→ **GIVEN ENTRIES**
⟨
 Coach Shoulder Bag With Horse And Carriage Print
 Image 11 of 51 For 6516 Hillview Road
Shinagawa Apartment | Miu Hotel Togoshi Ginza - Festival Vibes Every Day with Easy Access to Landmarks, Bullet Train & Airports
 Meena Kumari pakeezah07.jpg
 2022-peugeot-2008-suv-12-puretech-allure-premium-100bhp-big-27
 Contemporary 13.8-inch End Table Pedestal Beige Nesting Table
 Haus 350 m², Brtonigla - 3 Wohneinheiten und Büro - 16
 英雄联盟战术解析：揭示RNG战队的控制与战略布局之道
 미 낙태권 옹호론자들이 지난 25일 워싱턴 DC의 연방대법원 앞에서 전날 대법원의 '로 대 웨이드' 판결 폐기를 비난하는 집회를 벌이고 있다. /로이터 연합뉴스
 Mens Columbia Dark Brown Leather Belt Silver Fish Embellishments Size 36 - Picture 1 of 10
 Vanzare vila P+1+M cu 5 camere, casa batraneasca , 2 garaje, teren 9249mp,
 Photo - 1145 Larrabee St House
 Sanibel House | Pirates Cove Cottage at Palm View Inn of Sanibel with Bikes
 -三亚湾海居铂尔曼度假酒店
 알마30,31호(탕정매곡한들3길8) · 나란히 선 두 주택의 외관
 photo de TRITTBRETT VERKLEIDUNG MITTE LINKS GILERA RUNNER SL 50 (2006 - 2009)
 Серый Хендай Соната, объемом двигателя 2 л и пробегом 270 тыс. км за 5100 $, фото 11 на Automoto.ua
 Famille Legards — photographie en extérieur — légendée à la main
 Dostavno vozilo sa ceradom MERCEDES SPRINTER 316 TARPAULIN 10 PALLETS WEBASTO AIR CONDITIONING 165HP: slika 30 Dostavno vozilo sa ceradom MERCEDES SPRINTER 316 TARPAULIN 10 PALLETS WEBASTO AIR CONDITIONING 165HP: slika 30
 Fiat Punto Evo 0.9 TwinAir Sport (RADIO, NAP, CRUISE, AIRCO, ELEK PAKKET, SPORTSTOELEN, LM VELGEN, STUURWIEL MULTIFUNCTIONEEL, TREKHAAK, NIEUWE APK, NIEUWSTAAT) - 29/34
⟩
→ **EXERCISE INSTRUCTIONS**
Beginning with the line that holds "slika 30 Dostavno", please return every line through the end of the data, exactly as written.

→ **ANSWER SECTION**
 Dostavno vozilo sa ceradom MERCEDES SPRINTER 316 TARPAULIN 10 PALLETS WEBASTO AIR CONDITIONING 165HP: slika 30 Dostavno vozilo sa ceradom MERCEDES SPRINTER 316 TARPAULIN 10 PALLETS WEBASTO AIR CONDITIONING 165HP: slika 30
 Fiat Punto Evo 0.9 TwinAir Sport (RADIO, NAP, CRUISE, AIRCO, ELEK PAKKET, SPORTSTOELEN, LM VELGEN, STUURWIEL MULTIFUNCTIONEEL, TREKHAAK, NIEUWE APK, NIEUWSTAAT) - 29/34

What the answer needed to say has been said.